Die in Punkt 1 angesprochenen wiederholbaren regelmäßigen Handlungsabläufe sind im veränderten Kleidungsstil und Erscheinungsbild der muxes vestidas &

pintadas zu sehen, die sich vom bisherigen kindlichen und jugendlichen (gegenderten) Alltag abheben. Die Kollektivität kommt durch die bestehende Gemeinschaft der muxes in Juchitán, deren Mitglieder als Vorbilder/role-models fungieren. Der Übergang in Punkt 2 ist die klare Veränderung in der gesellschaftlichen Stellung der muxes. Waren sie zuvor noch Kinder oder

„männliche“ Jugendliche, haben sie gegen Ende der Transformation durch die Wiederholung einen Wandel vollzogen. Die räumliche und zeitliche Dramaturgie in Punkt 3 variiert von Individuum zu Individuum, vollzieht sich jedoch meist im Laufe des Erwachsenwerdens, wenn nicht die Option des Verbleibens im closet gewählt wird (die jedoch auch einer Sonderform entspricht). Ohne Mitmenschen ist die Transformation nicht möglich, da sie immer sozial eingebunden ist.

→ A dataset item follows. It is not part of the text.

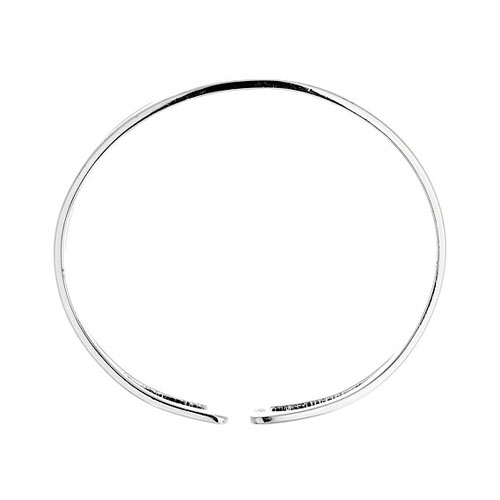 bracelet femme argent 9600090 pic2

Wie schon angesprochen, ist die Zugehörigkeit meist schon vor dem Coming-out ausgeprägt und somit ein kontinuierlicher Verlauf. Nicht nur die anderen muxes sind hier als rituelle Gemeinschaft (Punkt 4) zu sehen, sondern vor allem auch das enge soziale Umfeld, das der Person im Übergang beisteht oder sie daran hindert.

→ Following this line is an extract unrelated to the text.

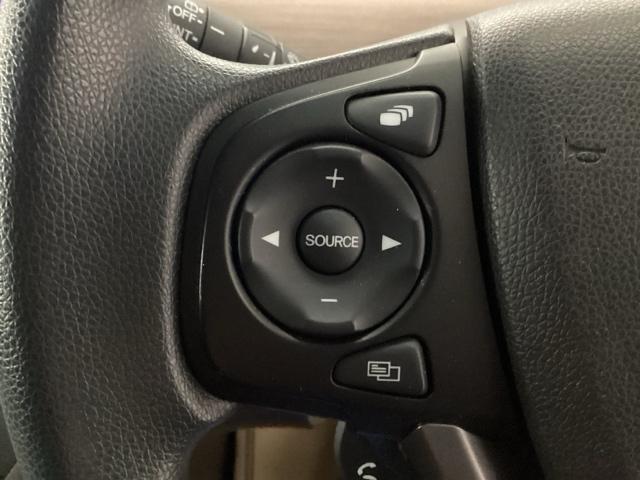 フリード G・ホンダセンシング メモリーナビ ドラレコ ETC リアカメラ Fセグ 追突被害軽減ブレーキ iストップ Wエアバッグ パワーウィンドウ アクティブクルーズコントロール スマートキ カラーバックモニター VSA エアコン(23枚目)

Denn nur durch den Widerstand wird die Erfahrung auch zu einer Prüfung. Die Veränderungen der körperlichen und emotionalen Dimensionen (Punkt 5) sind nicht zuletzt durch den sexuellen Kontakt gegeben, beziehen sich aber auch auf die neue Position (damit verbunden ein neuer Status) im sozialen Umfeld, besonders der Familie.

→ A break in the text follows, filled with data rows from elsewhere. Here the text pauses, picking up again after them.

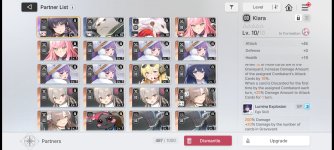 Screenshot_2026-05-10-09-57-43-557_com.smilegate.chaoszero.stove.google.jpg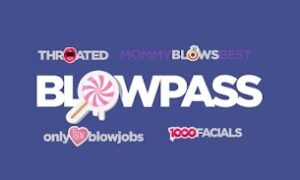 BLOWPASS UNLIMITED | 30 DAYS WARRANTY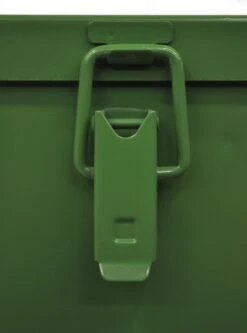 Transportkasse 680 X 355 X 335 Mm -Stihl Butik B 43 164 3 j14 1280x1280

In Gesprächen wurde häufig der Widerstand der Familie erwähnt, den manche muxes beim Coming-out erleben. Einerseits kann dieser als homophobe Haltung gedeutet werden, einer meiner Gesprächspartner hat dies jedoch anders interpretiert. So meinte G. aus Int. 3, dass dieser Widerstand als Teil des rituellen Ablaufs gesehen werden kann. Wenn Jugendliche in ihrer Pubertät Grenzen testen, ihre „Identitäten“ starke Veränderungen erfahren, dann werden viele Varianten und Lebensweisen ausprobiert. Ein Coming-out kann, wenn der Lebensweg linear gedacht wird, als Gabelung gesehen werden, nach deren Durchschreiten es kein Zurück gibt. Die Eltern sorgen mit ihrem prüfenden Verhalten, dass diese nachhaltige Entscheidung bzw. das Bekennen zu einer sexuellen Orientierung und/oder zu einem sozialen Geschlecht (das dem bei der Geburt bestimmten nicht übereinstimmt), auch wohl überdacht wird, sowie die Ernsthaftigkeit und die Folgen berücksichtigt werden. Ist dieser Prozess durchlaufen, gibt es in den meisten Fällen kein Zurück mehr und die Konsequenzen müssen getragen werden. Merken die Eltern, dass die Entscheidung ernst gemeint ist, so ändern auch sie oft die ablehnende Haltung in wohlwollende Unterstützung.